I just used HISAT to analyze a human HCC RNA-seq dataset, and I compared those alignment summaries with those of Tophat2, and found some interesting difference:
HISAT2 with almost default parameters except
genome_snp_tran index provided in HISAT2 website
64562561 reads; of these: 64562561 (100.00%) were paired; of these: 6437600 (9.97%) aligned concordantly 0 times 49287413 (76.34%) aligned concordantly exactly 1 time 8837548 (13.69%) aligned concordantly >1 times ---- 6437600 pairs aligned 0 times concordantly or discordantly; of these: 12875200 mates make up the pairs; of these: 6859176 (53.27%) aligned 0 times 4898558 (38.05%) aligned exactly 1 time 1117466 (8.68%) aligned >1 times 94.69% overall alignment rate
Tophat2 with almost default parameters except also
--no-discordant, using Grch38.primary_assembly.genome.fa and gencode.v24.primary_assembly.annotation.gtf.

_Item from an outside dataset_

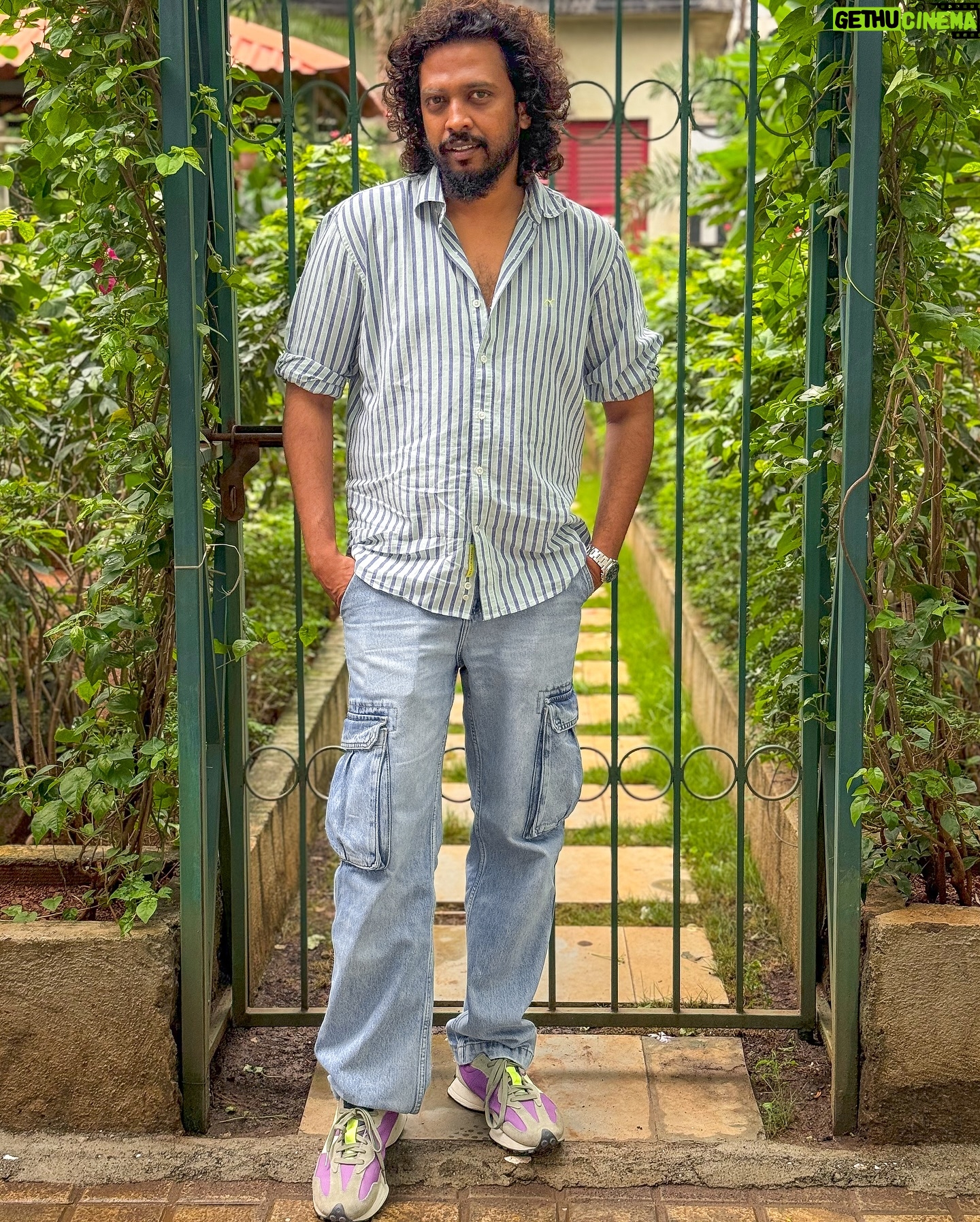 Nakash Aziz - 1.8K Likes - 3 different moods of NAKASH 🤨 #moody
#outdoors #mumbai #music #nakashaziz #nakashasis #myself #dubbing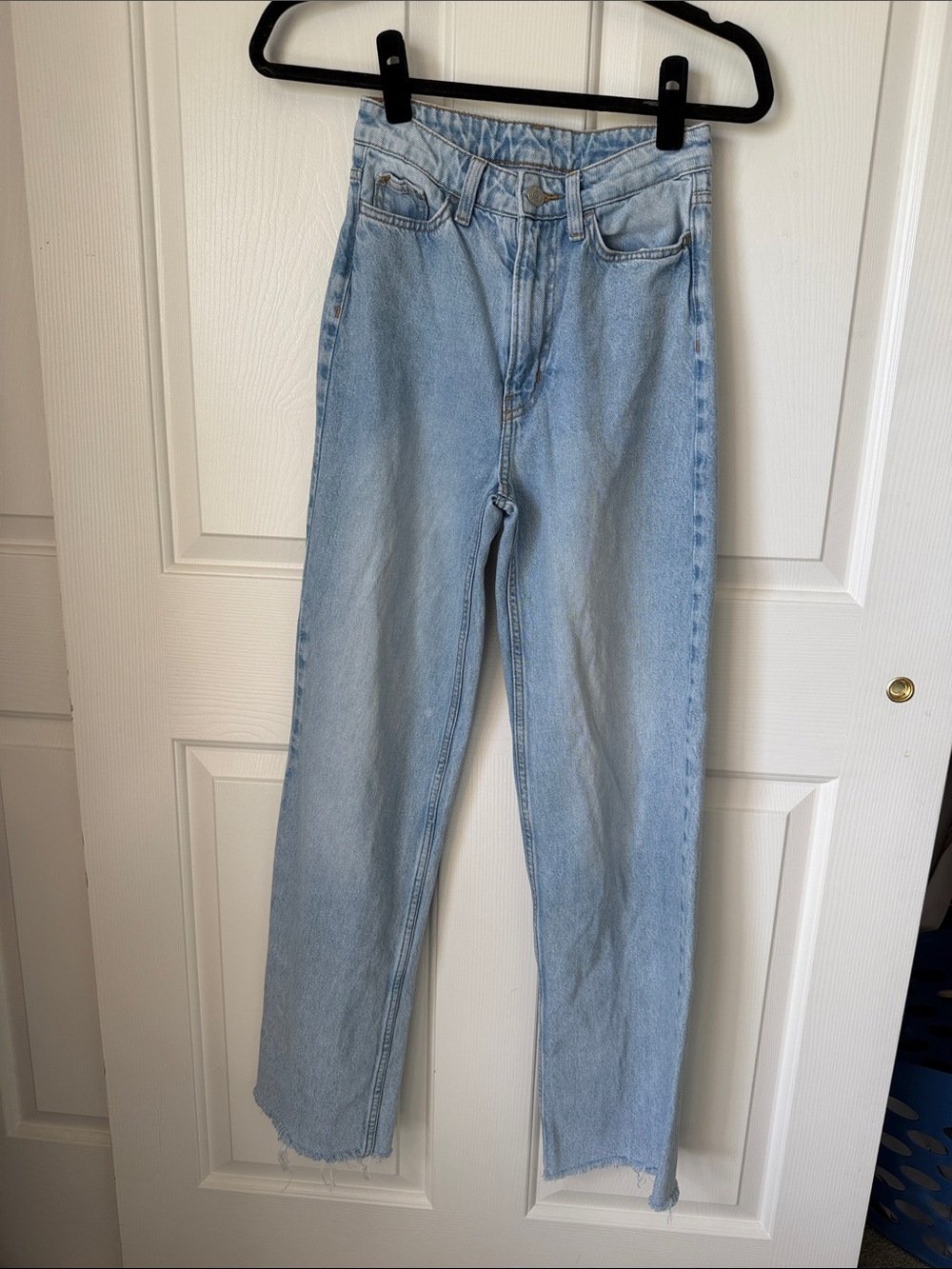 H&M Light Blue High-Rise Straight Jeans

Left reads: Input : 64562561 Mapped : 59801300 (92.6% of input) of these: 2319944 ( 3.9%) have multiple alignments (7643 have >20) Right reads: Input : 64562561 Mapped : 59163077 (91.6% of input) of these: 2298674 ( 3.9%) have multiple alignments (8178 have >20) 92.1% overall read mapping rate. Aligned pairs: 55979777 of these: 1965301 ( 3.5%) have multiple alignments 223752 ( 0.4%) are discordant alignments 86.4% concordant pair alignment rate.
It seems HISAT2 got higher overall mapping rate and concordant pair alignment rate, but with lower unique concordant pair alignment rate.
And my questions are:
- Is it important or necessary to discard discordant pair alignment for PE?
- And how to explain the higher multiple alignments rate? because Tophat2 mapping reads to transcriptome before genome?
- Will the high multiple alignment rate affect the accuracy of abundance estimation of transcripts and genes?